MBSP
MBSP copied to clipboard
Lemmatization fails on CAPITALS
Fresh download of MBSP 1.4 from Github today:
>>> MBSP.lemmatize("The cats were sleeping.", tokenize=True)
u'the cat be sleep .'
For capital letters, only the first word works:
>>> MBSP.lemmatize("CATS WERE SLEEPING.", tokenize=True)
u'cat WERE SLEEPING .'
Other parts of MBSP have the same problem -- first word works, the rest fail:
>>> MBSP.parse('EATING PIZZA WITH A FORK.', lemmata=True)

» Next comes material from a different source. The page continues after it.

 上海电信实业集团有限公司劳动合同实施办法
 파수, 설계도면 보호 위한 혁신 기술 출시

u'EATING/VBG/I-VP/O/VP-1/A1/eat PIZZA/NN/I-NP/O/NP-OBJ-1/O/PIZZA WITH/IN/I-PP/B-PNP/O/P1/WITH A/DT/I-NP/I-PNP/O/P1/A FORK/NNP/I-NP/I-PNP/O/P1/FORK ././O/O/O/O/.'
>>> MBSP.tag(string, tokenize=True, lemmata=True)

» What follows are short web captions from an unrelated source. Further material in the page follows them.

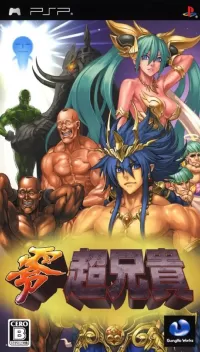 Cover of Zero Chō Aniki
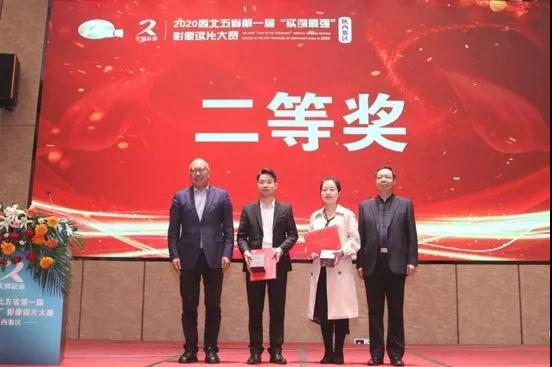 我院兩名醫(yī)生分別在神經介入病例展示、影像讀片大賽中獲獎！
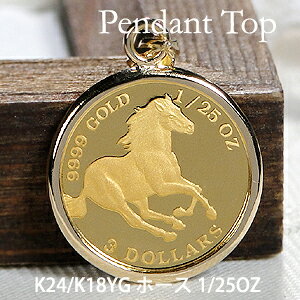 K24/K18YG RC lbNX z[X 1/25OZ y_g gbvyzyiۏ؏zݕ n GUxX 24 18 S[hlbNX fB[X WG[ Mtg v[g lC 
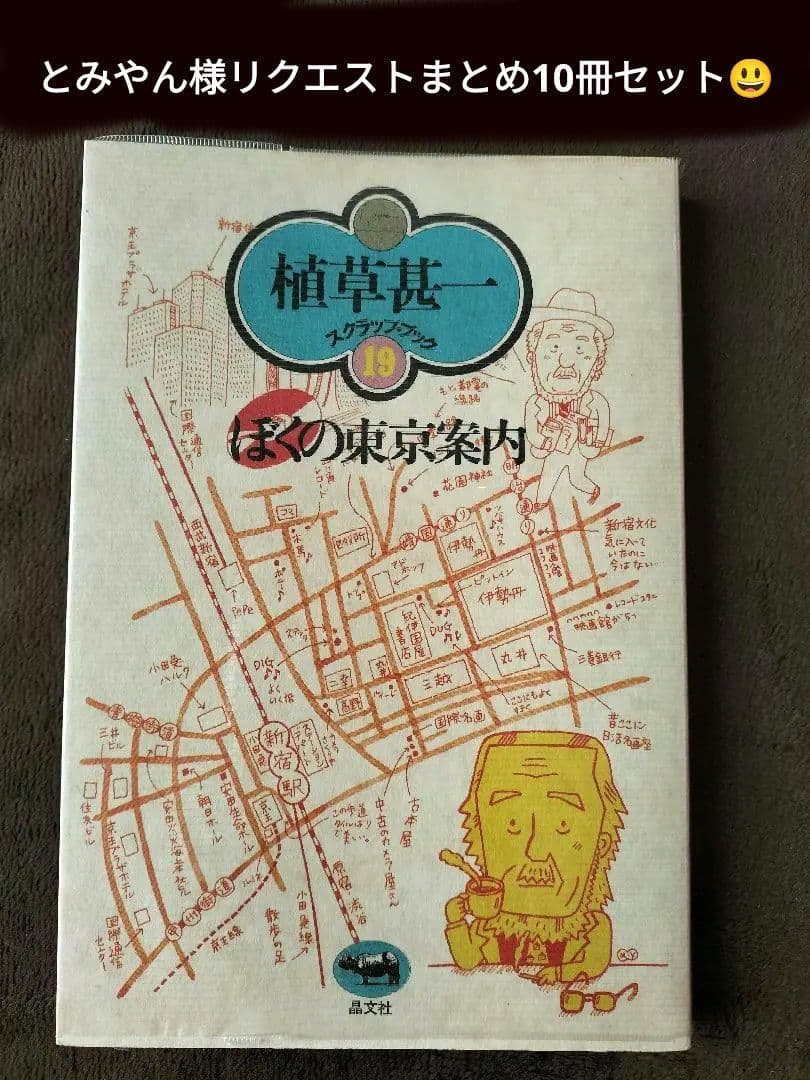 とみやん様 リクエスト 10点 まとめ商品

u'CATS/NNS/cat ARE/VBP/ARE SLEEPING/NN/SLEEPING'
Sentences with initial capitals on non-initial words are handled correctly:
>>> MBSP.lemmatize("The Republicans were sleeping.", tokenize=True)
u'the Republican be sleep .'
Cheers, David